How It Works

SynthArena uses a standardized evaluation framework that ensures fair, apples-to-apples comparisons across different retrosynthesis models.

The Adapter Layer

Different retrosynthesis models produce output in vastly different formats. Comparing them directly would require writing custom evaluation code for each model—a recipe for inconsistency and bugs.

The Problem: Each retrosynthesis model represents synthesis routes differently—some use string-based precursor maps, others use recursive dictionaries or explicit graph structures. Without a common format, comparing these models fairly would require custom evaluation code for each format, leading to bugs and inconsistent metrics.

The Solution: RetroCast introduces an adapter layer that sits between the model and the evaluation pipeline:

Model Output

(Native Format)

→

Adapter

(Translation Layer)

→

Canonical Routes

(Standard Schema)

→

Evaluation

(Metrics & Analysis)

Key insight: The evaluation pipeline only sees standardized Route objects. It has no knowledge of the original model format, ensuring identical metric calculations across all models.

What This Means for You:

Model Developers: You don't need to change your model's output format. Just write an adapter (or use an existing one) to translate to the canonical schema. Extra data can be preserved in metadata fields.

Users & Researchers: All models are evaluated using identical logic, ensuring fair, apples-to-apples comparisons across the entire leaderboard. No hidden biases from format differences.

The Data Pipeline

SynthArena processes predictions through a structured, four-stage pipeline that ensures reproducibility and traceability.

1. Raw

2. Processed

3. Scored

4. Results

1. Raw Data: Model predictions in their native output format. This stage is immutable—files are never modified after generation.

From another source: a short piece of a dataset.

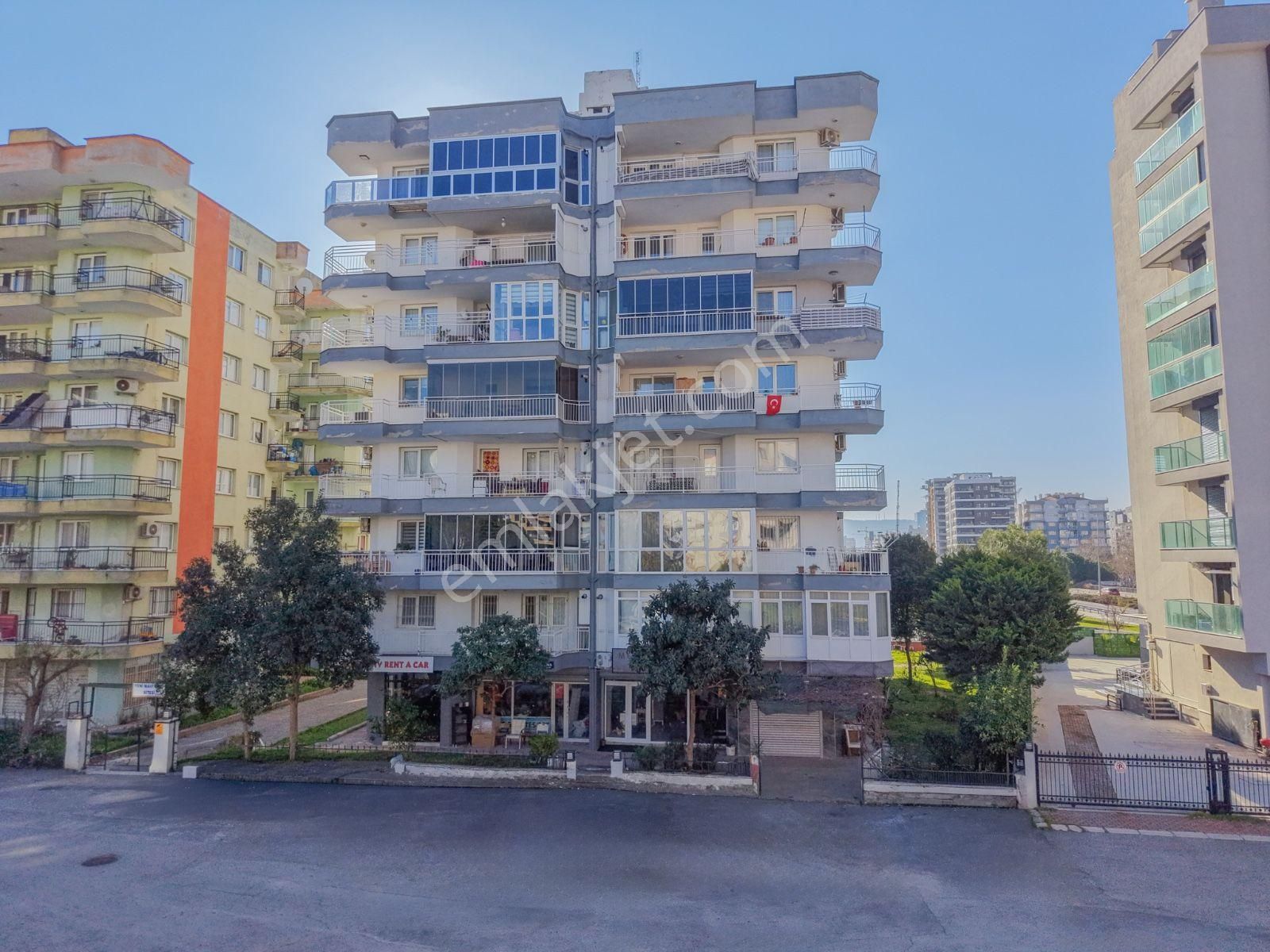 Bayraklı Osmangazide Merkezi Lokasyonda Satılık Dükkan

data/2-raw/<model>/<benchmark>/predictions.json.gz

2. Processed Data: Standardized Route objects generated by running the adapter. This stage performs canonicalization, deduplication, and optional sampling.

data/3-processed/<model>/<benchmark>/routes.json.gz

SMILES canonicalization ensures consistency

Duplicate routes removed using cryptographic signatures

Optional top-k sampling limits routes per target

3. Scored Data: Routes annotated with evaluation metrics. Each route is checked against the stock set and ground truth (if available).

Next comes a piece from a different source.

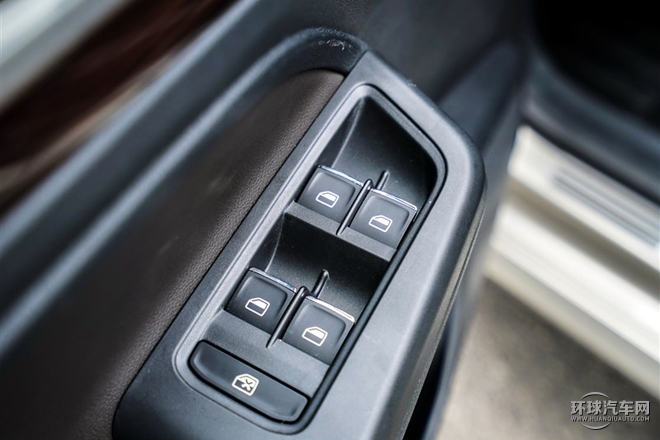 2015款 230TSI DSG 豪華版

data/4-scored/<model>/<benchmark>/<stock>/scores.json.gz

is_solved: All leaves in stock

matches_ground_truth: Route matches reference

Structural properties (length, convergence) computed

The same processed routes can be scored against multiple stock sets without re-processing.

4. Results: Aggregate statistics with confidence intervals. This is what you see on the leaderboard.

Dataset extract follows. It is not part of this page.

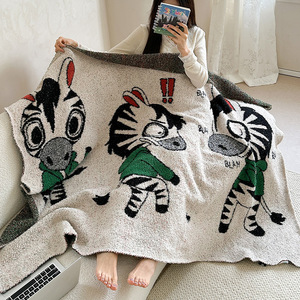 Couverture polaire respirante multifonctionnelle pour sieste au bureau, motif zèbre brodé tendance, pour une personne, toutes saisons - Product Image 1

data/5-results/<benchmark>/<model>/report.md

Overall solvability with 95% CI (bootstrap)

Top-K accuracy (K ∈ {1, 3, 5, 10, ...})

Stratified performance by route length and topology

Reproducibility & Verification: Every file generated by the pipeline has a companion manifest that records SHA256 hashes of input/output files, command parameters, timestamp, and software version.